In [None]:
import pandas as pd
import numpy as np

### Exploring preprocessed data

We start with "./METR-LA/data_in12_out12.pkl". Note that the data part is the same when considering, e.g., "./METR-LA/data_in2016_out12.pkl"; what changes are the indexes, which is the actual partitioning of the time-series in windows of given sizes.

In [None]:
path_data = "./METR-LA/data_in12_out12.pkl"
data = pd.read_pickle(path_data)

# In data['processed_data'] we have a 3D array where the last dimension contains the 3 features associated with
# each time step of a time series. The first feature is the detected speed, the second one
display(data.keys())
display(data['processed_data'].shape)

In [None]:
# Shape of the processed data: (num timesteps, num_cells, num features)
display(data['processed_data'].shape)

# 1st feature: (normalized) values detected from sensors.
display(data['processed_data'][:,:,0])
# 2nd feature: time of day, normalized in [0,1].
display(data['processed_data'][:,:,1])
# 3rd feature: day of the week (in [0,6]).
display(data['processed_data'][:,:,2])

### Exploring preprocessed indexes

This is where the differences between inXXX_outYYY come out.

An index pickle contains a dictionary.
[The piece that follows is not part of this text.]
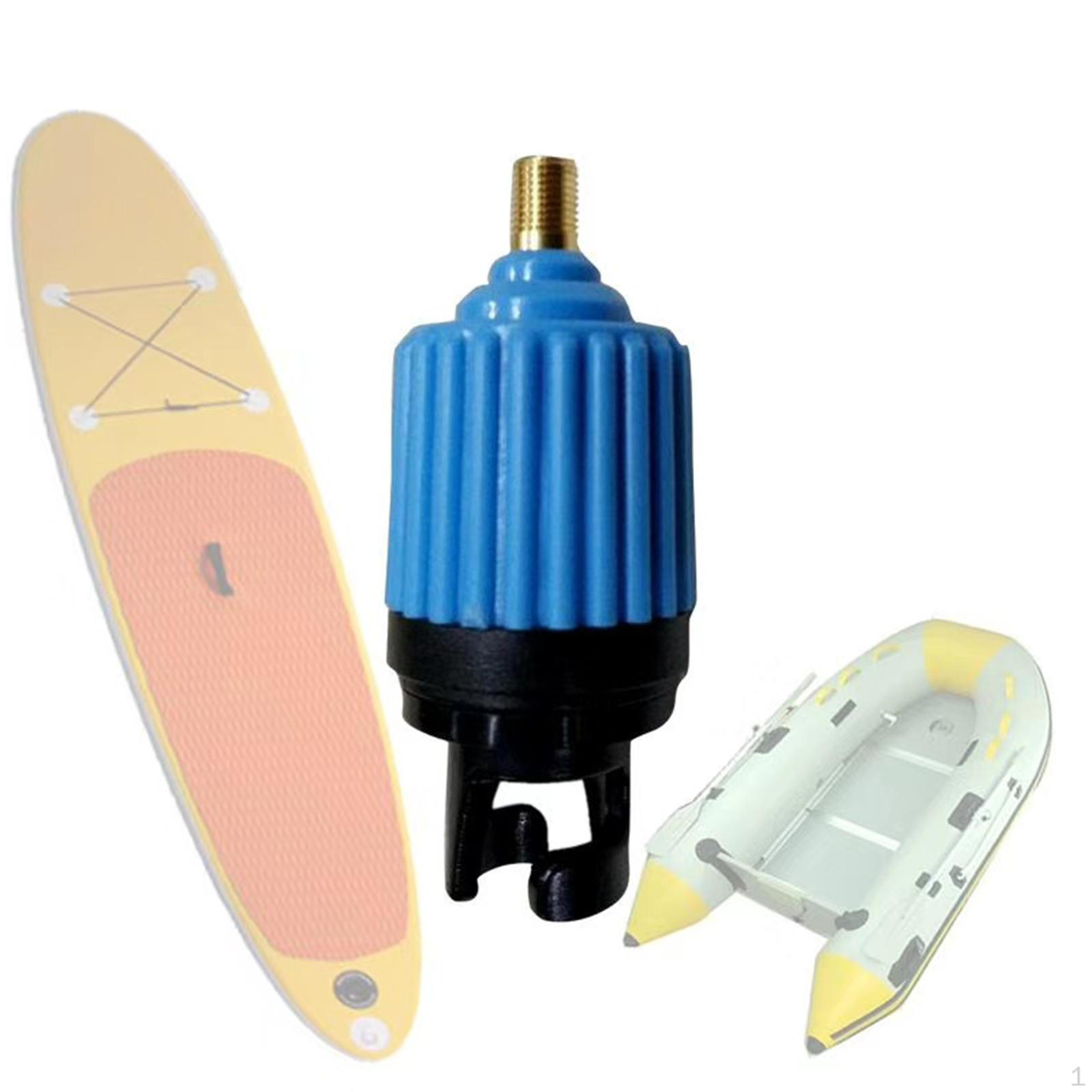 

Multifunction SUPs Pump Adaptor Air Valve Adapter Pumping Head Connector for Paddle Board Rowing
This dictionary contains a set of pairs of windows (examples), each expressed as a triple (x,y,z).
(x,y) represents the window in the past, while (y,z) represents the future window to predict.

The windows (examples) are partitioned into train (70%), validation (10%), and test (20%). The partitioning is done on the time axis.

In [None]:
path_index = "./METR-LA/index_in12_out12.pkl"
index = pd.read_pickle(path_index)
display(index.keys())

display(len(index['train']))
display(len(index['valid']))
display(len(index['test']))

display(index['test'])

### Exploring scalers computed during the preprocessing step.

These are the scalers computed to normalize (standard normalization) the detected speeds.

In [None]:
path_data = "./METR-LA/scaler_in2016_out12.pkl"
scaler = pd.read_pickle(path_data)
display(scaler)